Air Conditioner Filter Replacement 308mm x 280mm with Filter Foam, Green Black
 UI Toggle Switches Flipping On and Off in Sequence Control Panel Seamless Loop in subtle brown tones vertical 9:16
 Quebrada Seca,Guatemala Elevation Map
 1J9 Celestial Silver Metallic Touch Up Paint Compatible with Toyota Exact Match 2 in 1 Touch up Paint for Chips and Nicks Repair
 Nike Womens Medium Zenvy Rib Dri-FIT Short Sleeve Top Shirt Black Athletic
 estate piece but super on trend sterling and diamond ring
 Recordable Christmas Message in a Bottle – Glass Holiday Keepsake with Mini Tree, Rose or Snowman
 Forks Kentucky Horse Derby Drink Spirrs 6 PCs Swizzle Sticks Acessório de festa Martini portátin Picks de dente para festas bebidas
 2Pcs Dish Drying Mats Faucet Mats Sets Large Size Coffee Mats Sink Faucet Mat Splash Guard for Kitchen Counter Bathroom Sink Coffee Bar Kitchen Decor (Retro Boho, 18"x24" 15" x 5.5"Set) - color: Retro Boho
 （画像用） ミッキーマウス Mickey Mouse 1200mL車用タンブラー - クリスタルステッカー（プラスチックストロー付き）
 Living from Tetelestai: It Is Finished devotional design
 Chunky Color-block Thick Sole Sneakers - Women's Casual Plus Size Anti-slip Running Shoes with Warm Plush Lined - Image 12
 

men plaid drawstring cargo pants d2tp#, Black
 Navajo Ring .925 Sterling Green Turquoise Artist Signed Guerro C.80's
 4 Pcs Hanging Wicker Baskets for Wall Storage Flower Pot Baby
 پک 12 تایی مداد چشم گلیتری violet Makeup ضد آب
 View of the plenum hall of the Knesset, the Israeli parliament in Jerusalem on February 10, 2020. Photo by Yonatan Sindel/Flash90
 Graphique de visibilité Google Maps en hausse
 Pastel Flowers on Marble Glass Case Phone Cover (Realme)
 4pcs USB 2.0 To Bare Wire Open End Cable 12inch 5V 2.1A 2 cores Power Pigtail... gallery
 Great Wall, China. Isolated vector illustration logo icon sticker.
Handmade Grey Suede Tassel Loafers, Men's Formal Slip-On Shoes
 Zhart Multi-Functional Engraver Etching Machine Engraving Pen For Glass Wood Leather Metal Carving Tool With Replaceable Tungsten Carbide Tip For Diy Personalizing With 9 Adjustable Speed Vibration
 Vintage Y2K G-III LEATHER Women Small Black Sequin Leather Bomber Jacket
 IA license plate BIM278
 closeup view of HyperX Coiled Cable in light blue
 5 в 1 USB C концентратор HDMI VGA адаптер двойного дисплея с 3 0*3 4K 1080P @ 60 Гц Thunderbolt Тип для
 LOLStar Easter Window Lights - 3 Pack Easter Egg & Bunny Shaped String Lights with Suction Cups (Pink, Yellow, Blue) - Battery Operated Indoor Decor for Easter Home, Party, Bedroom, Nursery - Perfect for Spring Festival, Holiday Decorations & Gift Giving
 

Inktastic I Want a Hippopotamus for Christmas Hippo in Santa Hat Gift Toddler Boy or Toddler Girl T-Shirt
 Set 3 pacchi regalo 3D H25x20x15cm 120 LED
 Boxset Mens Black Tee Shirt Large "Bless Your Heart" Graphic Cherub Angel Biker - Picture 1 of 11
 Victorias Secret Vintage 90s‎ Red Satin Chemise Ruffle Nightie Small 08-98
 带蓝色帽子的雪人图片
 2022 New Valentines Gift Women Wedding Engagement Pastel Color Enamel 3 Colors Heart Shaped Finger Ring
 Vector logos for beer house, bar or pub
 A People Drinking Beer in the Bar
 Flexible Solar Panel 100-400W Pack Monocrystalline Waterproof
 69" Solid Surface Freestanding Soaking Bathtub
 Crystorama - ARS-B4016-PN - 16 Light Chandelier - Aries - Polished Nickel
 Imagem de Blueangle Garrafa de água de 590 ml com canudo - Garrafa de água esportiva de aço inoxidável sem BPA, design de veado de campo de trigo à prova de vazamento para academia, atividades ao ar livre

* AIM OF THE EXERCISE
Starting at the first line, transcribe the material through to the last.

* OUTPUT OF THE TASK
Air Conditioner Filter Replacement 308mm x 280mm with Filter Foam, Green Black
 UI Toggle Switches Flipping On and Off in Sequence Control Panel Seamless Loop in subtle brown tones vertical 9:16
 Quebrada Seca,Guatemala Elevation Map
 1J9 Celestial Silver Metallic Touch Up Paint Compatible with Toyota Exact Match 2 in 1 Touch up Paint for Chips and Nicks Repair
 Nike Womens Medium Zenvy Rib Dri-FIT Short Sleeve Top Shirt Black Athletic
 estate piece but super on trend sterling and diamond ring
 Recordable Christmas Message in a Bottle – Glass Holiday Keepsake with Mini Tree, Rose or Snowman
 Forks Kentucky Horse Derby Drink Spirrs 6 PCs Swizzle Sticks Acessório de festa Martini portátin Picks de dente para festas bebidas
 2Pcs Dish Drying Mats Faucet Mats Sets Large Size Coffee Mats Sink Faucet Mat Splash Guard for Kitchen Counter Bathroom Sink Coffee Bar Kitchen Decor (Retro Boho, 18"x24" 15" x 5.5"Set) - color: Retro Boho
 （画像用） ミッキーマウス Mickey Mouse 1200mL車用タンブラー - クリスタルステッカー（プラスチックストロー付き）
 Living from Tetelestai: It Is Finished devotional design
 Chunky Color-block Thick Sole Sneakers - Women's Casual Plus Size Anti-slip Running Shoes with Warm Plush Lined - Image 12
 

men plaid drawstring cargo pants d2tp#, Black
 Navajo Ring .925 Sterling Green Turquoise Artist Signed Guerro C.80's
 4 Pcs Hanging Wicker Baskets for Wall Storage Flower Pot Baby
 پک 12 تایی مداد چشم گلیتری violet Makeup ضد آب
 View of the plenum hall of the Knesset, the Israeli parliament in Jerusalem on February 10, 2020. Photo by Yonatan Sindel/Flash90
 Graphique de visibilité Google Maps en hausse
 Pastel Flowers on Marble Glass Case Phone Cover (Realme)
 4pcs USB 2.0 To Bare Wire Open End Cable 12inch 5V 2.1A 2 cores Power Pigtail... gallery
 Great Wall, China. Isolated vector illustration logo icon sticker.
Handmade Grey Suede Tassel Loafers, Men's Formal Slip-On Shoes
 Zhart Multi-Functional Engraver Etching Machine Engraving Pen For Glass Wood Leather Metal Carving Tool With Replaceable Tungsten Carbide Tip For Diy Personalizing With 9 Adjustable Speed Vibration
 Vintage Y2K G-III LEATHER Women Small Black Sequin Leather Bomber Jacket
 IA license plate BIM278
 closeup view of HyperX Coiled Cable in light blue
 5 в 1 USB C концентратор HDMI VGA адаптер двойного дисплея с 3 0*3 4K 1080P @ 60 Гц Thunderbolt Тип для
 LOLStar Easter Window Lights - 3 Pack Easter Egg & Bunny Shaped String Lights with Suction Cups (Pink, Yellow, Blue) - Battery Operated Indoor Decor for Easter Home, Party, Bedroom, Nursery - Perfect for Spring Festival, Holiday Decorations & Gift Giving
 

Inktastic I Want a Hippopotamus for Christmas Hippo in Santa Hat Gift Toddler Boy or Toddler Girl T-Shirt
 Set 3 pacchi regalo 3D H25x20x15cm 120 LED
 Boxset Mens Black Tee Shirt Large "Bless Your Heart" Graphic Cherub Angel Biker - Picture 1 of 11
 Victorias Secret Vintage 90s‎ Red Satin Chemise Ruffle Nightie Small 08-98
 带蓝色帽子的雪人图片
 2022 New Valentines Gift Women Wedding Engagement Pastel Color Enamel 3 Colors Heart Shaped Finger Ring
 Vector logos for beer house, bar or pub
 A People Drinking Beer in the Bar
 Flexible Solar Panel 100-400W Pack Monocrystalline Waterproof
 69" Solid Surface Freestanding Soaking Bathtub
 Crystorama - ARS-B4016-PN - 16 Light Chandelier - Aries - Polished Nickel
 Imagem de Blueangle Garrafa de água de 590 ml com canudo - Garrafa de água esportiva de aço inoxidável sem BPA, design de veado de campo de trigo à prova de vazamento para academia, atividades ao ar livre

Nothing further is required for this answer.